Aldenham Reservoir and Country Park is a 65 acre reservoir with a circular footpath and 175 acres of woods and meadow land. The area also contains adventure playgrounds and rare breeds farm animals. There is angling, a nature trail, horse-riding and a refreshment kiosk. The kiosk is generally open daily from Easter until the end of October and on weekends and school holidays throughout the year. Occasionally the kiosk may close on days of bad weather. However, it may open on fine days in the winter.
Amwell Nature Reserve is a complex of lakes, reedbeds, grassland, scrub and woodland in the Lee Valley, located south of Ware. The lakes were created by sand and gravel extraction between1973 and 1990 by St Albans Sand and Gravel, which then became RMC Aggregates, which in turn was taken over by Cemex. Cemex continued ownership until December 2006 when it was bought by Herts and Middx Wildlife Trust, which will ensure that its status as one of the best birding sites in Hertfordshire will be safeguarded for the future.

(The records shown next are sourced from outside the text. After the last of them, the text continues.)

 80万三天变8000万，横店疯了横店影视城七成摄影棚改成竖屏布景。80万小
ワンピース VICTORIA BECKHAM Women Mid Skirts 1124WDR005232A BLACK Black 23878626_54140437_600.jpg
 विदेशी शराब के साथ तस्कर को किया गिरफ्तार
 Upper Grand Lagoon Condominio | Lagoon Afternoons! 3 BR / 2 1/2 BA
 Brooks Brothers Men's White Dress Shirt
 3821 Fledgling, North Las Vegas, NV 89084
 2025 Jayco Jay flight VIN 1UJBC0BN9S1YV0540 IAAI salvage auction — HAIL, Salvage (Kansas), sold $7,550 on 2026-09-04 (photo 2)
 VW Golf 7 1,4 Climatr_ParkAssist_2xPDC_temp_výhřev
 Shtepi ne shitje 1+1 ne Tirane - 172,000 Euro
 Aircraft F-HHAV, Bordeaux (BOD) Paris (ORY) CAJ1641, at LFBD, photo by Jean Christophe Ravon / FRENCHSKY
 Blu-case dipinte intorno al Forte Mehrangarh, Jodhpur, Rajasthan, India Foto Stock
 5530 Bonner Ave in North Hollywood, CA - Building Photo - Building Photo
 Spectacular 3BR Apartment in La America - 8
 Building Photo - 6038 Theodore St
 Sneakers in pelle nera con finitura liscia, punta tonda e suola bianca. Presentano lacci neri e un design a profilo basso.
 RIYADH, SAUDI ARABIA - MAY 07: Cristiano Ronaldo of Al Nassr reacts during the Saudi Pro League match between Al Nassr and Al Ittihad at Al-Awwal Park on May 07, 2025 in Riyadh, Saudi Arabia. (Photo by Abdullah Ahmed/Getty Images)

Cassiobury Park is a 77 hectare (190 acre) area of grassland and woodland west of Watford town centre with the River Gade and Grand Union Canal flowing through it at its western end.
The map below shows the name of the numerous gravel pits that exist in the lower Lee Valley area, places where parking is available in the area and the Hertfordshire/Essex county boundary.
Located on the south side of Croxley Green beyond the urban sprawl, lies a 100 Acre reserve that provides a habitat rich in birdlife throughout the year.
East Hyde is one of the few easily accessible areas of water meadow along this stretch of the Upper Lea Valley. Situated on the Hertfordshire/Bedfordshire border the area can be reached along the B653, Lower Luton Road and is approximately 1.5 miles north-west of Batford and 4 miles south-east of Luton (TL 129172). A map can be found here.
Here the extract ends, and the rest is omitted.